Where the material below has a line containing "Elevate your style", start repeating exactly, and keep going through the line containing "- Heel Height: 3 inches", with no other lines.

Available data:
━━━━

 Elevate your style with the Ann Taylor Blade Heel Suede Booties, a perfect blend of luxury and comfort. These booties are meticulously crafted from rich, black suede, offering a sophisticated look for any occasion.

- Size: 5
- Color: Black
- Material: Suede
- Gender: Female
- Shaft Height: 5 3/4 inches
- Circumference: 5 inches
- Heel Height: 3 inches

━━━━

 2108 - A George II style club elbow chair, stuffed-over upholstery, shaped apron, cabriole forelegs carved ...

━━━━

Exercise result:
 Elevate your style with the Ann Taylor Blade Heel Suede Booties, a perfect blend of luxury and comfort. These booties are meticulously crafted from rich, black suede, offering a sophisticated look for any occasion.

- Size: 5
- Color: Black
- Material: Suede
- Gender: Female
- Shaft Height: 5 3/4 inches
- Circumference: 5 inches
- Heel Height: 3 inches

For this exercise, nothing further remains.